Explosions in the Sky - The Earth is Not a Cold Dead Empty Place




I remember that there was a time, not very long ago, I must point out, when I really disliked TEINACDEP. But along the way, I don't know what happened, but something must have clicked, because now I simply abhor it with all my heart. I loathe it as if it were an actual part of what defines me as a human being and an individual. It completes me, just like my suicidal tendencies. While I have to appreciate Explosions in the Sky's ability to make music that flares up such strong emotions within me, I get the impression that anger, tedium and disgust aren't the ones they were going for. And with those words read, you hereby accept that what you're currently digging into is a rant. You don't have any reason to subject yourself to the torture that is this album, unless it's your thing. And you also don't have any reason to subject yourself to the cliché of reading a rant on the internet now that I've provided you with this helpful warning, now ain't that nice of me? Anyway, this album makes me pissed in ways that those who intend to make the listener pissed could never even imagine considering the possibility of dreaming of achieving, and this review is a homage to that.

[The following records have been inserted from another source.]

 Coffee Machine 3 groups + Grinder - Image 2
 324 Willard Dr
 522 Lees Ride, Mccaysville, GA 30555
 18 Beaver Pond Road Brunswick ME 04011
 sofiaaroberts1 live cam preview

But before we actually further analyze my opinions, I suggest we make a quick shout out to what I imagine the fans of this endless desert of sugar, spice, and everything boring are like. Let's introduce my experience with this album via a memory of past events that I have:

It was dark outside, which coincides with the luminosity quotient one would expect from around 2:00 AM, and, consequently, the time of this memory, which happened at around 2:00 AM. I had decided to expose myself to the Explosions in the Sky release I had on my iPod at the time, for shits and giggles. And before I even begun listening, I noticed how the titles of the second and third track didn't fit on the tiny screen so I allowed them to scroll, at which point I was enraged to find out that I had correctly predicted “Alone” and “Ocean”, respectively, to be the last words in the titles.

Now, wasn't that fun? So why did I fume upon predicting those two words? It's not like Death Metal song titles are all that surprising either, and yet it remains as my favorite genre of all time and I can't help but praise it and get all tickly inside upon the mention of the word combination. Well, not tickly per se, I'm way too absent of a heart of the [(x^2 + y^2 – 1)^3 – x^2 y^3 = 0] kind for that, but let's pretend, okay? Mostly it was because titles such as “The Only Moment We Were Alone” and “Your Hand in Mine” are reminiscent of a mindset that I completely disagree with, one that advocates complete passivity, the thesis that emotion trumps rationality and the notion that one can justify a decadent lifestyle via the possession of glasses that boast rims the scale and girth of an aircraft carrier and an arsenal of sweaters and overtight / overbaggy clothes to complete the “totally a serious and talented artist photographer / graphic designer” outfit. Essentially a mindset that values the kind of non-circulatory characteristics of the human heart that I positively don't have and therefore feel excluded.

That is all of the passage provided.